Page 11 of His Best Mistake

“I’ll say,” said Stella with a sniff.

“I can only apologise.”

“You could also promise to pass on to her what I said because she ought to know the truth.”

He nodded. “I could do that.”

“Thank you.”

“You’re welcome.”

“Do you think she’ll believe you?”

“I’ll do my best.” And he would, because the sooner Cora realised what a bastard her ex was the sooner she’d get over him.

“Then I accept your apology. Would you like a glass of wine?”

“A truce?”

She gave him the slightest of smiles. “Possibly.”

“I’ll pour.”

*

Three hours later, Stella lay on her bed and stared up at the ceiling, her body hot and buzzing and her nerves at breaking point. The evening had been absolutely excruciating, an exercise in self-control and restraint like no other.

Convincing herself that it would be a piece of cake remaining calm and in control was all very well when Jack was halfway up a hill, quite another when he’d been standing right in front of her scowling down at her and looking all wild and windswept and irresistible as he admitted he’d been wrong and apologised. How she’d managed to refrain from acting on instinct and launching herself at him she had no idea.

Neither of them had mentioned the almost kiss, of course, and that should have been enough, but had it? No. Not for her at least. The more they didn’t talk about it the more she thought about it.

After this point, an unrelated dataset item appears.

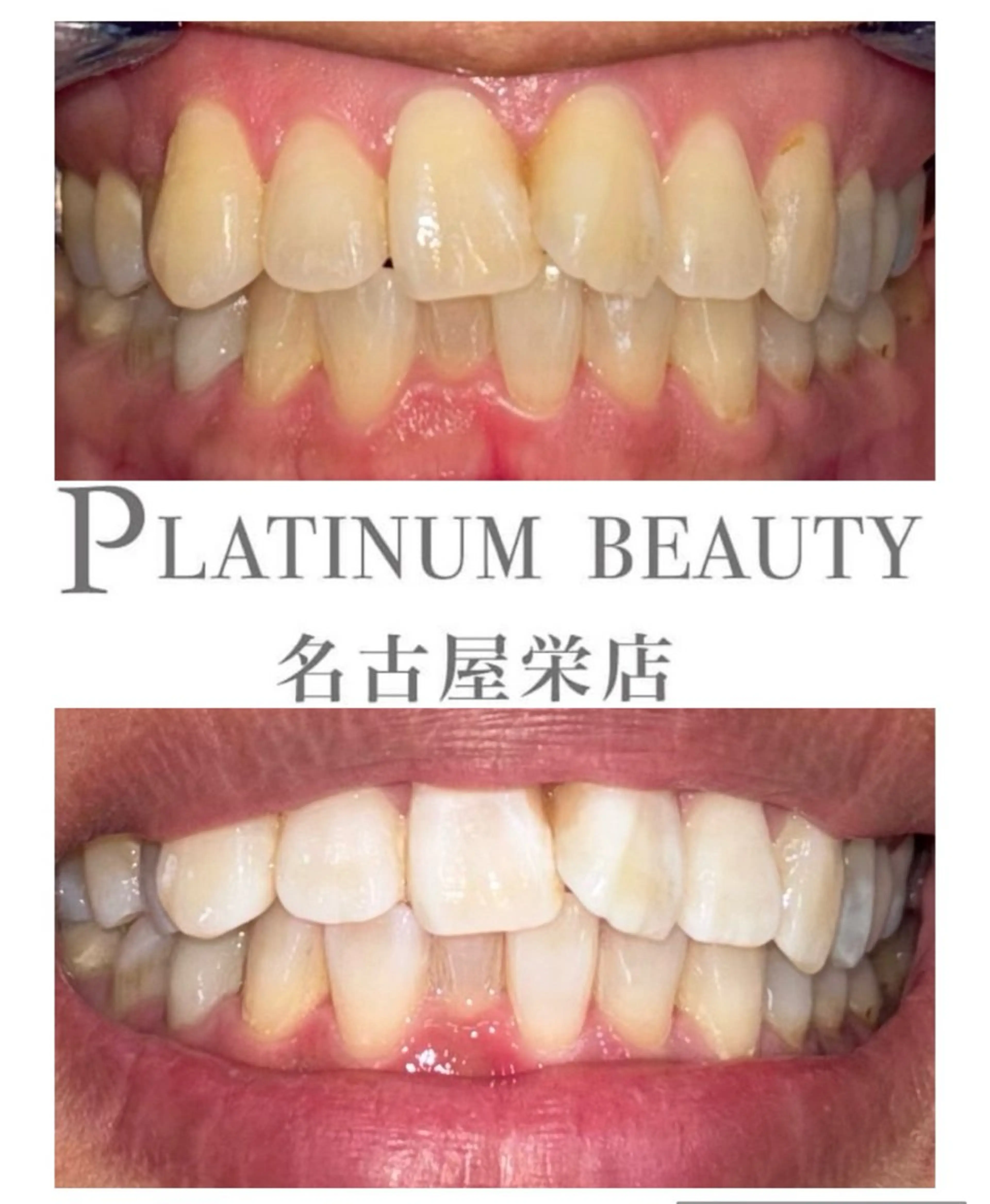 【ペア割引ホワイトニング】セルフホワイトニング〈30分照射〉の写真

For a while they’d discussed the wine, trips to France, Scotland and elsewhere, and she’d been achingly aware of his large frame filling the chair, his long legs stretched out in front of him and his brooding expression as he gazed at the fire. When that conversation had dried up she’d removed herself to whip up a quick ham and cheese omelette. It had given her something safe to do with her hands, and she’d figured that since they had to eat at some point then that was as good a time as any.

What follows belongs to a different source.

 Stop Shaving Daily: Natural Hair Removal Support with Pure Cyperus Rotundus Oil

Sure, the conversation over dinner, which had largely revolved around the not very exciting topic of the ingredients and the effort involved in going to get them given the remoteness of the cottage, hadn’t exactly been scintillating, but boring was good. Boring was safe.

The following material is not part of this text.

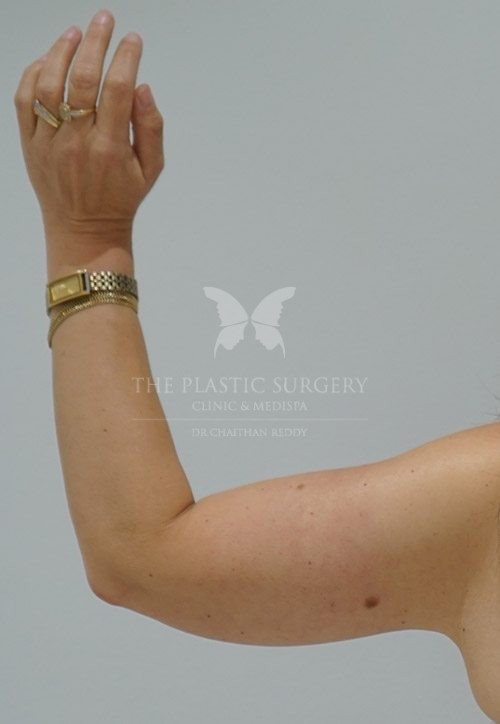 arm lift surgery before and after - image 003 - after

Other than the state of Jack’s ribs – which he’d assured her were fine – she didn’t need to know anything about him. She already knew enough to turn the purely physical attraction into something a bit more: the loyalty he showed towards his sister by turning up here in the first place… The mile-wide protective streak he clearly had… The unexpected confession that he’d been wrong… These were qualities she very much appreciated in a man, so any more of that sort of thing and before she knew it she’d be imagining him sitting next to her in a candlelit restaurant, leaning in close and nuzzling

her neck as they clinked champagne flutes.

As it was the physical attraction was bad enough. She’d been strangely fixated on his hands while he’d been eating and when his knee had touched hers beneath the table she’d jumped. His proximity as he’d stood beside her drying up had done strange things to her equilibrium. At one particularly nerve-shattering point his fingers had brushed hers when she’d been handing him a plate and she’d very nearly dropped it.

It was a good thing she’d suggested an early night. The sooner this was all over the better. Nothing could ever happen between her and Jack anyway even if on the billion to one chance it did become likely.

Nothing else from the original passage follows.